There was no God. Only weaklings needed someone other than

themselves to blame for how life turned out. He suddenly rushed to the

small black table between the bed and quickly opened its only drawer.

Reaching in he discovered what he had suspected: a Gideon Bible. He hated

the Gideons.

One last time, he thought, one last time.

His father, like himself, had been a fervent atheist. When their

family had gone on vacation and stayed in hotels or motels, his dad had

always made a big show of going first to find if there was a Bible in the

room and then throwing it ceremoniously in the trash can. Ned had carried

on that tradition his entire adult life. Ned Phillips had personally

disposed of literally hundreds of Gideon Bibles all over the United States,

and parts of Europe. This would be his final act of defiance, of rebellion

against the religious establishment.

“Here’s to you, Dad,” Ned said gruffly as he found the trash can in

the bathroom and dropped the Bible in. He then wetted some toilet paper in

the sink and dropped it on the top. This would discourage rescue attempts.

It was a small act of defiance in the great conflict, but he would remain

consistent to the end.

Ned couldn’t help feeling a bit of irony. He hadn’t thought much

about his father in years. They had never been close, and he never

particularly liked him as a person. His father was brash, arrogant,

cutting in his remarks, and the two had clashed frequently.
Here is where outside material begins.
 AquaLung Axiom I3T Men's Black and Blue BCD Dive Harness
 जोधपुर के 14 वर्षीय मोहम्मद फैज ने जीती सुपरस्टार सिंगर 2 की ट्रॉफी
He had died a

bitter old man, alone in a county nursing home. Ned has visited him

exactly once at Dee’s urging, nagging actually. Within five minutes his

father, hooked up to an oxygen tank and pale as a ghost, was telling Ned

what a disappointment he had been as a son. Ned had simply turned and

walked away forever.

Hating God and religion were about the only thing they shared in

common. But he was determined not to die like his father, hooked up to

tubes, alone, waiting, and wishing to die.

After throwing the Bible in the trash can, he felt as if somehow he

had purified this pathetic excuse for a room. He went over to the bed,

gently unrolled his coat and felt the cold steel of his salvation. He held

the pistol he had bought several months ago comfortably in his right hand.

It would just take a moment, he thought, and everything that had once been

Ned Phillips would cease to exist forever. The world would continue on in

its downward spiral until it blew itself up, or some natural catastrophe

destroyed all life on earth. Then, maybe life could start again in some

other way, maybe some better way.

He walked heavily to the naugahyde chair and collapsed in it.

Despair and anger struggled for supremacy within him. He didn’t want to

see another sunrise. He had nothing more worth living for. And he felt

very sad.

The sadness disturbed him the most. What did he have to be sad

about? A group of cells would cease to function, nothing more. There was

no great purpose to life anyway, no matter what the philosophers said. He

had done everything he had interest in doing and living no longer held any

attraction to him. It was a clear, logical, unemotional choice.

Ned silently cursed himself. His conclusions were certainly clear

and logical, but not unemotional. Why did he feel such sadness? Why was

this all so hard now? As he had gone over it many times in his mind he had

been able to think so clearly and dispassionately.

He needed to clear his mind. As he sat slumped in the chair an

annoying red glow appeared on his face, a glow he could almost feel. He

certainly hadn’t planned this part very well. Some message was scrolling

down the display at the Rescue Mission. Didn’t the religious people have

any feelings? The last thing anyone at the Atlas Motel needed or wanted

was some kind of neon religious lecture.

The blinking red lights, the silence and the ugly memories were

distracting him. He was in danger of becoming sloppily sentimental. He

would not suffer the indignity.

He rubbed his eyes wearily, then glanced at his watch. It was 6:30.

He was wondering if he’d be able to hold off until 12:01, the appointed

time. Time was passing too slowly. He needed a distraction. He hadn’t

figured on the swell of emotions he would experience in his last few hours.

He had thought it would be easy to be calmly detached and unemotional.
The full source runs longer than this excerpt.